# Nutrient deficiencies during flowering



## Alistair (Mar 28, 2008)

Hello,

From my previous, limited experience, I noticed that as the flowers mature the leaves show many signs of nutrient defiencies; however, the final product was fairly decent.  Should nutrient defiencies as seen in the leaves be taken seriously at this stage, when harvest may only be a week or two away? I'm wondering if adding some nitrogen and magnesium (epsom salts) would be a good idea?  The flowers themselves look happy.

Alistair


----------



## Alistair (Mar 28, 2008)

PS

As I said before, one of the plants is perhaps about two weeks away from harvest (I think).  Now, here's a related question:  Is it ok to transplant in this late stage and will it make any significant difference?  As I said before, the flowers seem good, but as for the rest of this plant, well....


----------



## trillions of atoms (Mar 28, 2008)

ok what do you see in the leaves? because adding nutes isnt needed- 

if they are yellowing then its natural and let them do there thing.


what exactly do you see?


----------



## Alistair (Mar 29, 2008)

Well, besides the normal yellowing there are numerous nutrient deficiencies that are indicated by brown patches throughout the leaves, for example.  The ones that are the worse off are the sour diesels, and only one of the SD's is really bad. The others that I have aren't too bad, but I don't know what strain they are.

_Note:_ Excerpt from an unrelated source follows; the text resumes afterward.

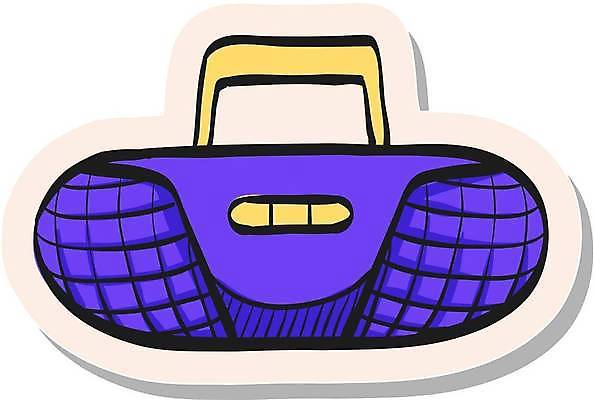 EPS 해외이미지 스티커 일러스트 사람없음 보라색 심볼 라디오 해외일러스트 컬러 전자제품 파일형식 벡터 이미지허브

I think the biggest mistake I made with this crop is that I needed to transplant one additional time, and I didn't do that.  I think that they must be root bound.  Next time I think I will transplant twice during the vegetative stage as I usually do, but I'll also transplant once during flowering.

I've had this problem before, but the final product was actually not bad.  So, live and learn.  I would move onto hydro, but I want to perfect soil farming first.  I started out with soil and I want to perfect it.  However, I hesitate to move onto hydro also because I only have limited means of eliminating humidity in the air.  During the last couple weeks of before harvesting we want to avoid too much humidity because we don't want bud rot.  I get the impression that with hydro there's a constant source of humidity.  I need better ventilation.  

I get the feeling that with hydro nutrient deficiencies are less likely to happen.  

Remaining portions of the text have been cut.